I was reflecting on this while leafing through a book of the worst/most poorly designed weapons of all time, the sort of thing my adolescent sons seem to enjoy.  In that book was reference to arguably the single most horrific weapon ever designed by the United States of America.

This was the 1960s, at the height of the Cold War, and the weapon system in question was the SLAM, a hypersonic nuclear ramjet missile, known alternately as Project Pluto, "The Big Stick," or the Flying Crowbar.  The concept was simple, really.

It was designed to fly at near-treetop altitudes, like a drone or cruise missile.  But it was also a hypersonic ramjet designed to evade Soviet radar.  To do that, it would fly under 1000 feet at speeds in excess of Mach 3.5.  The pressure wave of its passing over was enough to incapacitate or kill.

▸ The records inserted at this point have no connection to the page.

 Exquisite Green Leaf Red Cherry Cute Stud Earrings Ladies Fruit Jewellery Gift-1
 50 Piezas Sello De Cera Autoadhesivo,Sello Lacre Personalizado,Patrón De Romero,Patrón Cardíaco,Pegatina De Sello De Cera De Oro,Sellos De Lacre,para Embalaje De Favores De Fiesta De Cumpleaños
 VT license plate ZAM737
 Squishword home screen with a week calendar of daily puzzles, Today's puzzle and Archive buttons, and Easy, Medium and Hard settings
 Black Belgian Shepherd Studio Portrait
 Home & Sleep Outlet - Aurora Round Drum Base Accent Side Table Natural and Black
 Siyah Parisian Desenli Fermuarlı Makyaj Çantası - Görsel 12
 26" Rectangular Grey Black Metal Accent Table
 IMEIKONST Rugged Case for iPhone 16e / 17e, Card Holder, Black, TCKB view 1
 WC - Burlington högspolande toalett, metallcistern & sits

But wait!  There's more!  It also carried a payload of eight nuclear warheads, which it would scatter over targets as it passed.  It could obliterate every single inhabited area in an entire region, killing tens of millions.

But wait!  There's more!  The ramjet used for its power source an unshielded 500 megawatt nuclear reactor.  As it passed overhead at Mach 3.5, it would lethally irradiate everything beneath it.  And because it was nuclear powered, it could keep flying for thousands of miles.  During that time, it would layer death upon death, deafening and shattering and poisoning, passing over again and again.  It was a mindless automaton, an Angel of Death killing the first, second, and all-born, rendering the world below it uninhabitable for thousands of years.

This system was designed, concept proven, and ready to go.  The engineering was sound.  But it couldn't be tested, because, well, it would kill everyone and lethally irradiate an entire region during the course of the test.

And I look at the ritualistic, primitive butchery of ISIS, and know that it pales in comparison to what mechanized, technologically advanced civilizations can accomplish.  After the Somme and Dresden, Hiroshima and Auschwitz?  And considering what might have been, if we had wandered down that path?

God help us, but we're a mess of a species.